Provided data:
..............................

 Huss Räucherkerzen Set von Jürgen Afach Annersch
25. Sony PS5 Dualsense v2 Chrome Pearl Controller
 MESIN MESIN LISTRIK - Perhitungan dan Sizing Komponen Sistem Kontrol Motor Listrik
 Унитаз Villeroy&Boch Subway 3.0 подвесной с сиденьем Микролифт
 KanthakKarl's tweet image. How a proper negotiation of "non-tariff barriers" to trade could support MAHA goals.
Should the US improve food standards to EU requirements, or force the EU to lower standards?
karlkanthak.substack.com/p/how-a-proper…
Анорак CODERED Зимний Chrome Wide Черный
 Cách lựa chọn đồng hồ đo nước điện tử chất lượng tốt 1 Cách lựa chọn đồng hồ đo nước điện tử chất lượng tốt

..............................

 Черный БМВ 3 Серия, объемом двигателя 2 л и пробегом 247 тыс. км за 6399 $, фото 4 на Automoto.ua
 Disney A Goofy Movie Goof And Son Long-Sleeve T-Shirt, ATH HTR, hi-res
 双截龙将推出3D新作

..............................

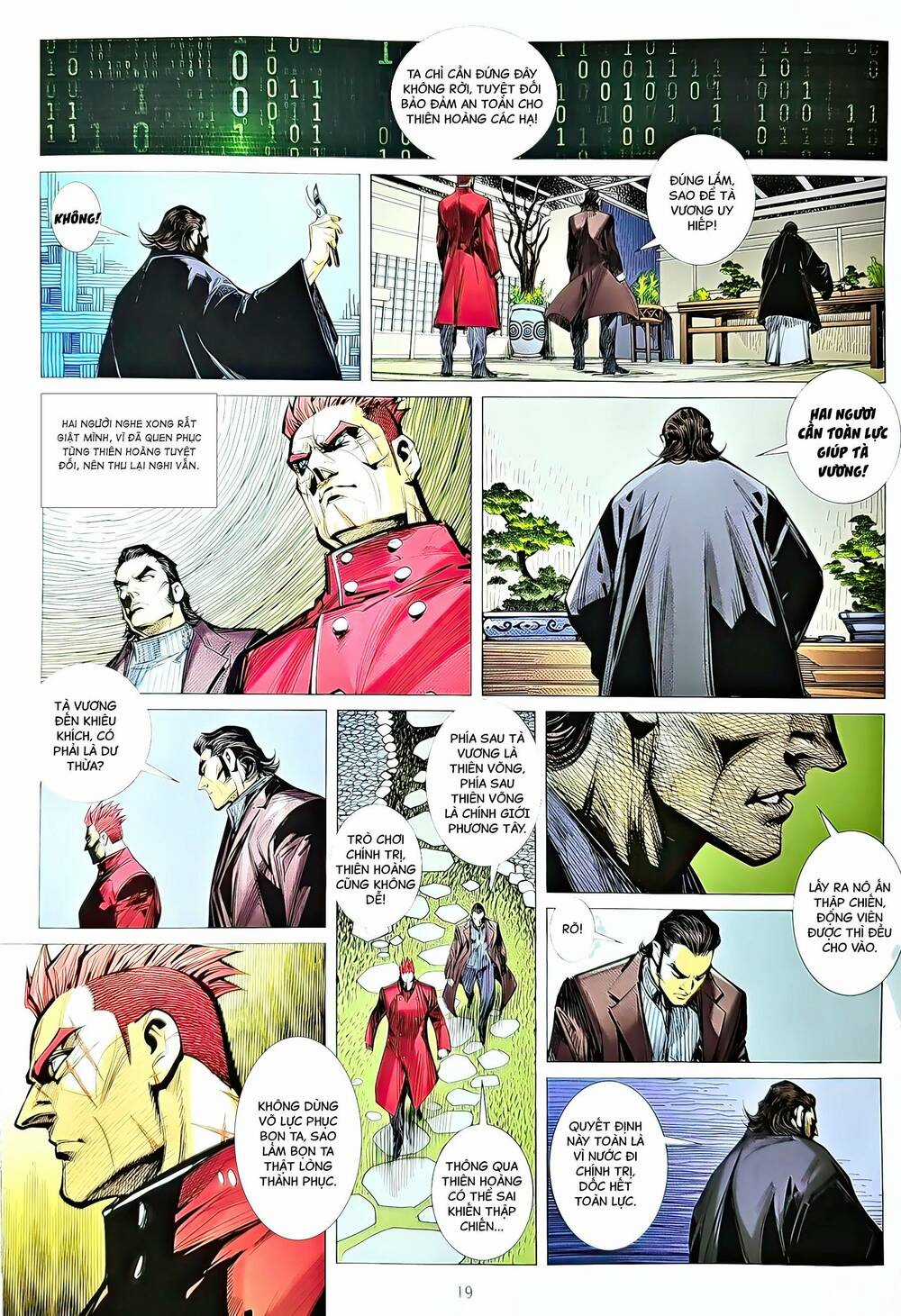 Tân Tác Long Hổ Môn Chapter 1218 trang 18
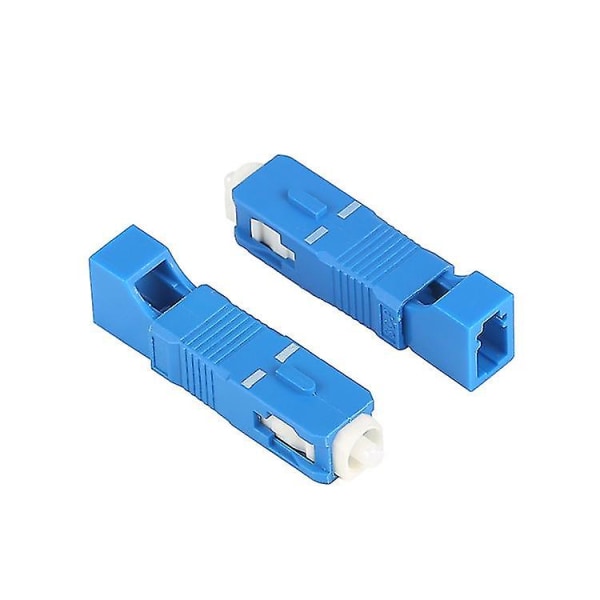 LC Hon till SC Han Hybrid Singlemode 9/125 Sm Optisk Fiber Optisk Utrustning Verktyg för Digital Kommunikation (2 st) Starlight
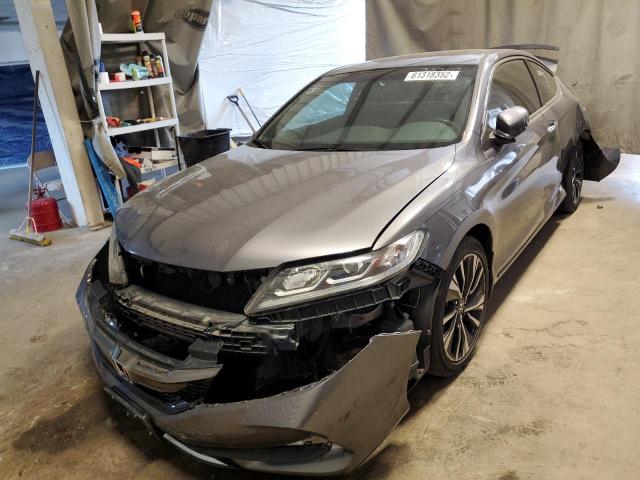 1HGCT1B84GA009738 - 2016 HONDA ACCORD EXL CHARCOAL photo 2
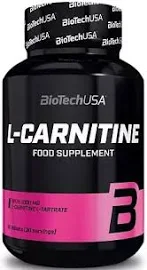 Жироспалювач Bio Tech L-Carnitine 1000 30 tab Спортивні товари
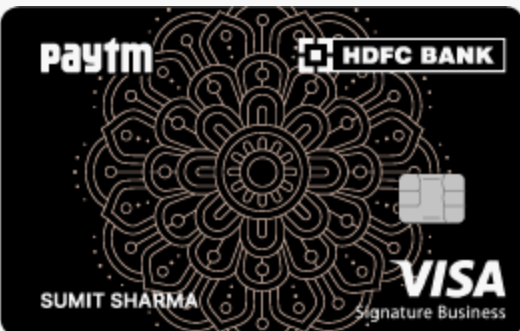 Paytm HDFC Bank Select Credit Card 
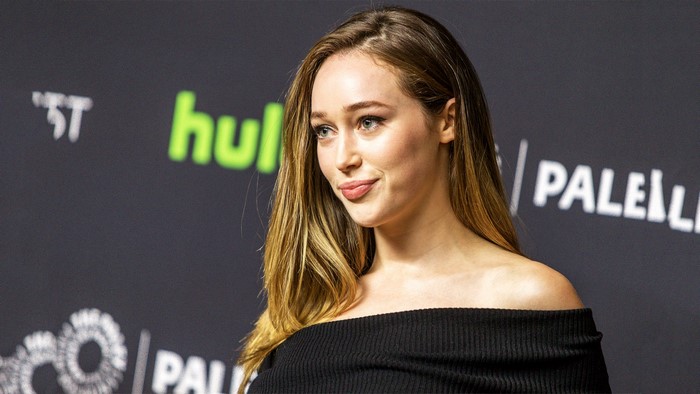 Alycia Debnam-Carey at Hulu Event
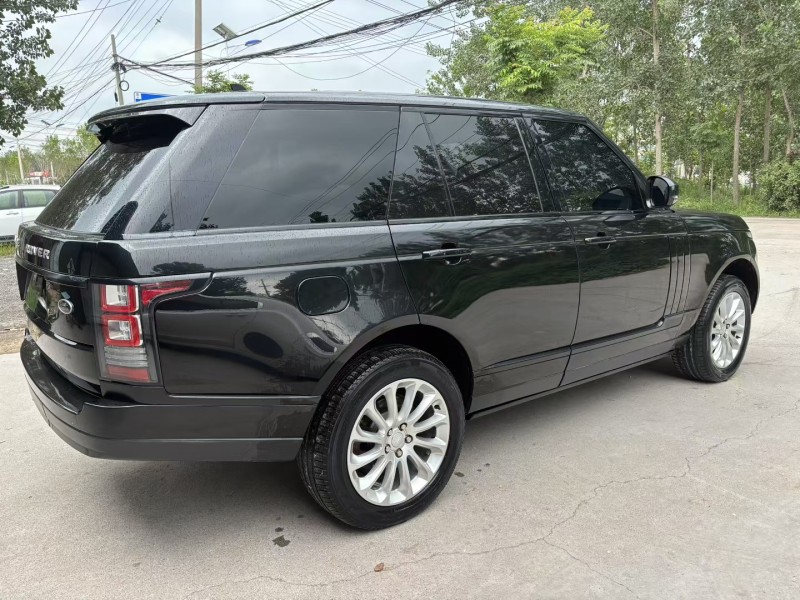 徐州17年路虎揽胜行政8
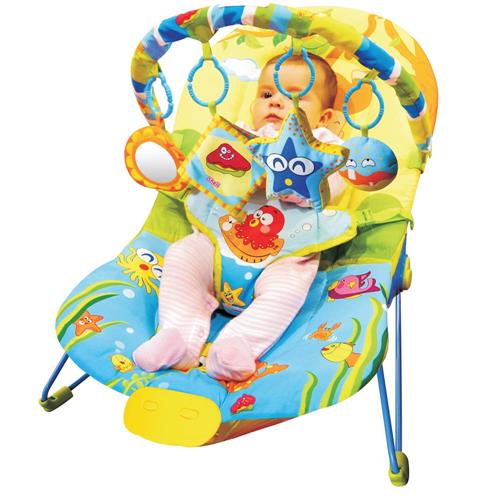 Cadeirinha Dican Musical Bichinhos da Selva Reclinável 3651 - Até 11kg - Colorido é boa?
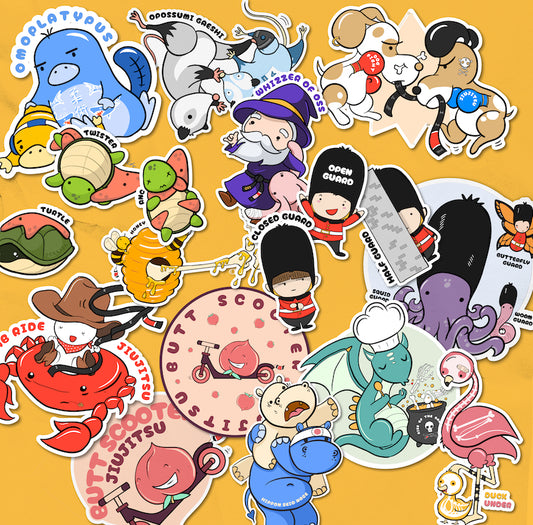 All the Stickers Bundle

..............................

Exercise details: Look above for the line with "Huss Räucherkerzen Set" and the line with "lượng tốt 1"; transcribe both and all lines in between, exactly, and nothing else.

Problem solution:
 Huss Räucherkerzen Set von Jürgen Afach Annersch
25. Sony PS5 Dualsense v2 Chrome Pearl Controller
 MESIN MESIN LISTRIK - Perhitungan dan Sizing Komponen Sistem Kontrol Motor Listrik
 Унитаз Villeroy&Boch Subway 3.0 подвесной с сиденьем Микролифт
 KanthakKarl's tweet image. How a proper negotiation of "non-tariff barriers" to trade could support MAHA goals.
Should the US improve food standards to EU requirements, or force the EU to lower standards?
karlkanthak.substack.com/p/how-a-proper…
Анорак CODERED Зимний Chrome Wide Черный
 Cách lựa chọn đồng hồ đo nước điện tử chất lượng tốt 1 Cách lựa chọn đồng hồ đo nước điện tử chất lượng tốt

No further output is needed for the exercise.